→ Your assignment: Using the records below, transcribe word for word the stretch from the line that contains "LOUVRE 381 BB" through the line that contains "FIELDS OF GOLD", both end lines included, and nothing else.

===== Records provided

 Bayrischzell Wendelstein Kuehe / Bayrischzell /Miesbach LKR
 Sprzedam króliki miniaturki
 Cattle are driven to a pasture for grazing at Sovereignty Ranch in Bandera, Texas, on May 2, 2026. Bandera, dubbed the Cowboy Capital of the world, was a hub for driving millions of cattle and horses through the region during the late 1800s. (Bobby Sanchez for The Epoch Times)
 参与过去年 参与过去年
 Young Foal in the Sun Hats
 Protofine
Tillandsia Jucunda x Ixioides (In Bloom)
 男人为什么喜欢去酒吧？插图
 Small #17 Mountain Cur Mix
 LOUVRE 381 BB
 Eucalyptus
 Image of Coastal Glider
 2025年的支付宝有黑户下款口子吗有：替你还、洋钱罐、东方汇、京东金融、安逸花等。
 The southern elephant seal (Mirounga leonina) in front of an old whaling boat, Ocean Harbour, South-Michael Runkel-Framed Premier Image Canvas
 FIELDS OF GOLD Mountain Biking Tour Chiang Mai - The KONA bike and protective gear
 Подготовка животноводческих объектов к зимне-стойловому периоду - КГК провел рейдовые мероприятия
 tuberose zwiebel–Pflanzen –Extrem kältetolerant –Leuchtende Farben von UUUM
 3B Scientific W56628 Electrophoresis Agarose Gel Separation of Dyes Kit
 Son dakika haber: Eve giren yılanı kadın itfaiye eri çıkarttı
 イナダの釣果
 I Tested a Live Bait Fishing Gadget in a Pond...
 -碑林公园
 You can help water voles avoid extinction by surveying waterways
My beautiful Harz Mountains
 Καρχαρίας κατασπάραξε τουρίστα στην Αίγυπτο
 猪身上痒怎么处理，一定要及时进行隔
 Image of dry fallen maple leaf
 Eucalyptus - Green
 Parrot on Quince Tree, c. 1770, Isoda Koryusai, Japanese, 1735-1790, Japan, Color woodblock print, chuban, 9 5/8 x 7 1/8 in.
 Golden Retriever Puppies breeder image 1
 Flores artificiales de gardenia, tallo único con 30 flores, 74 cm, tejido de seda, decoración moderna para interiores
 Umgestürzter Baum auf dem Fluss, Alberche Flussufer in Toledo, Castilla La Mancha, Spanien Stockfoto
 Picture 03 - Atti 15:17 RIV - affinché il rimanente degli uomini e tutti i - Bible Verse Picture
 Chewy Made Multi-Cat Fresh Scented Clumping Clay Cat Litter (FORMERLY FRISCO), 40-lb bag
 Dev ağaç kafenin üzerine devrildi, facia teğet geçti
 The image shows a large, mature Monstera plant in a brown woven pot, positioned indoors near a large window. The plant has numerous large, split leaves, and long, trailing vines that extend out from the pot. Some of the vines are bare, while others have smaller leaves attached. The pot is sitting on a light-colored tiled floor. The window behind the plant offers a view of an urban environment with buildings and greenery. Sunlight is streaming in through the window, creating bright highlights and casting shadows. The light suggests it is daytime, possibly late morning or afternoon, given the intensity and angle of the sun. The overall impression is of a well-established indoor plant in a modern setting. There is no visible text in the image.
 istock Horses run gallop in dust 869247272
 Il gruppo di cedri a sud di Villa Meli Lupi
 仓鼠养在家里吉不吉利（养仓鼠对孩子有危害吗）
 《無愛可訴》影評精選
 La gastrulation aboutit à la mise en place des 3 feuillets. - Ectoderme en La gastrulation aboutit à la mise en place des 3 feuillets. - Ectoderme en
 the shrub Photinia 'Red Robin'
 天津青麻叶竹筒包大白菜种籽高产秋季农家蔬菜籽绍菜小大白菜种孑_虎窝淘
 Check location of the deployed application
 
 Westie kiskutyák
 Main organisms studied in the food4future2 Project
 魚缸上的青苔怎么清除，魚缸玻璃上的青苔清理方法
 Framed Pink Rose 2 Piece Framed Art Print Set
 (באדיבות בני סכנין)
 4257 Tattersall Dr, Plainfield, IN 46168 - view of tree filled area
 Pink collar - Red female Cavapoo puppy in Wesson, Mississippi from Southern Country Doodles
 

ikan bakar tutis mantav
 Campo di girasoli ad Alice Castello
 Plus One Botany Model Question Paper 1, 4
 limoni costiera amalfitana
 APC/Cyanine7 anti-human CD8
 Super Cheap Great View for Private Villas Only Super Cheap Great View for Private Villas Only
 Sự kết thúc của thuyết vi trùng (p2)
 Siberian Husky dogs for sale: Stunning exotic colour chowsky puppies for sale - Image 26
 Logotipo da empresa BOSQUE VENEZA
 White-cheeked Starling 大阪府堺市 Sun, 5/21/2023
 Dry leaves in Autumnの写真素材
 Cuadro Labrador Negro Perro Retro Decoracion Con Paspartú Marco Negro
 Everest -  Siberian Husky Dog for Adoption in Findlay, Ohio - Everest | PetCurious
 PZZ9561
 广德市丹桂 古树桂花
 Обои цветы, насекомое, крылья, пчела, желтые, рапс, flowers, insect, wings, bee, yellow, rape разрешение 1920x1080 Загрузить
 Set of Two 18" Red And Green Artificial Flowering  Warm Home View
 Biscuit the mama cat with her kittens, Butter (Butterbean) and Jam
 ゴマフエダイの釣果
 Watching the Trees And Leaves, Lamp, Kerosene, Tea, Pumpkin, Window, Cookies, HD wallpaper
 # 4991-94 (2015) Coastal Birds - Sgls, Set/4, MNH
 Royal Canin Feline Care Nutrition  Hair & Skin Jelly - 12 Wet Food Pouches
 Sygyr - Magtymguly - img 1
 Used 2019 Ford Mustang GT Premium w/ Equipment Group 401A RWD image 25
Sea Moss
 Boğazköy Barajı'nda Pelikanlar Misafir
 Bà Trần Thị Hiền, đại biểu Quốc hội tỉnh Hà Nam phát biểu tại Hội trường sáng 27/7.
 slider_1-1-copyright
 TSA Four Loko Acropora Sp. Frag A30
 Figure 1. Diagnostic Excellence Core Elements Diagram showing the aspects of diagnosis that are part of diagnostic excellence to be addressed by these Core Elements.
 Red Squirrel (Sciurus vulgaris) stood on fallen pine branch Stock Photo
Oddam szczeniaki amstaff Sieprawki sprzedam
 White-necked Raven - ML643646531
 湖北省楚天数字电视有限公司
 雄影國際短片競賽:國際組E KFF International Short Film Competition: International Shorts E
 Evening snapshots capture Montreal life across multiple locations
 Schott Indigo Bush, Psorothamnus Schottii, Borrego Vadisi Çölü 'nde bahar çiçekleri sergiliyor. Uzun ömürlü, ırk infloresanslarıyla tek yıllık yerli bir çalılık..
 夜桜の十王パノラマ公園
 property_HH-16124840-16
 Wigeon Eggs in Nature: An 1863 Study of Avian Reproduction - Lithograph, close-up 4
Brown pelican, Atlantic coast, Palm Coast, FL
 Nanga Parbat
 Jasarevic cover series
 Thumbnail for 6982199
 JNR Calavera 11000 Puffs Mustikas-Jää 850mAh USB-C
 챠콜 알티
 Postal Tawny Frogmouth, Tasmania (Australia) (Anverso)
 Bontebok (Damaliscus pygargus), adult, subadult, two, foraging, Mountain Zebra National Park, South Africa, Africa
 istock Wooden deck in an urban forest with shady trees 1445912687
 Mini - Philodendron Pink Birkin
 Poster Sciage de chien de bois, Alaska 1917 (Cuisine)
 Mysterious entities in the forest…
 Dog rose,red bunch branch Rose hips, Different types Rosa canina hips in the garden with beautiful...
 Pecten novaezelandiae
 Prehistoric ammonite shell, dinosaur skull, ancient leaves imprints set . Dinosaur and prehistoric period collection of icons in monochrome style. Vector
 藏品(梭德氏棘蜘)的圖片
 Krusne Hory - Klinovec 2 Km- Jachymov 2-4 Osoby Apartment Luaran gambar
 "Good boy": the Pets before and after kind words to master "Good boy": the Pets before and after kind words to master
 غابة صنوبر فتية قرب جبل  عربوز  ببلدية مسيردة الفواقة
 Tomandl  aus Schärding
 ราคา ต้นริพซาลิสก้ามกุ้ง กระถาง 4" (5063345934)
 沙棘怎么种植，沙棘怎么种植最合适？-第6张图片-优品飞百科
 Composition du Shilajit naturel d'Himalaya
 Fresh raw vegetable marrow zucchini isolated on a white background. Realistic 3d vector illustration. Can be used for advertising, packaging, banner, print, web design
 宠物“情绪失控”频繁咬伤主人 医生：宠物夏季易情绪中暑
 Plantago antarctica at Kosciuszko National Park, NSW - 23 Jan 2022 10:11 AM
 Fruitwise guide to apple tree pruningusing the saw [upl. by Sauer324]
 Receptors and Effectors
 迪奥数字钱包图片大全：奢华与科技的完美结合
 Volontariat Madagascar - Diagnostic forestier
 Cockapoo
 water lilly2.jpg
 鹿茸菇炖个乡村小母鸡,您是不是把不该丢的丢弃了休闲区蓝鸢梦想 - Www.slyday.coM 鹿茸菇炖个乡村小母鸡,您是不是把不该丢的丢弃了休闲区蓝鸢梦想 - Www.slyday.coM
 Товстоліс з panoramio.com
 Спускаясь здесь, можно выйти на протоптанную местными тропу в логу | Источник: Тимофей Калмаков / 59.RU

==========

→ Written answer:
 LOUVRE 381 BB
 Eucalyptus
 Image of Coastal Glider
 2025年的支付宝有黑户下款口子吗有：替你还、洋钱罐、东方汇、京东金融、安逸花等。
 The southern elephant seal (Mirounga leonina) in front of an old whaling boat, Ocean Harbour, South-Michael Runkel-Framed Premier Image Canvas
 FIELDS OF GOLD Mountain Biking Tour Chiang Mai - The KONA bike and protective gear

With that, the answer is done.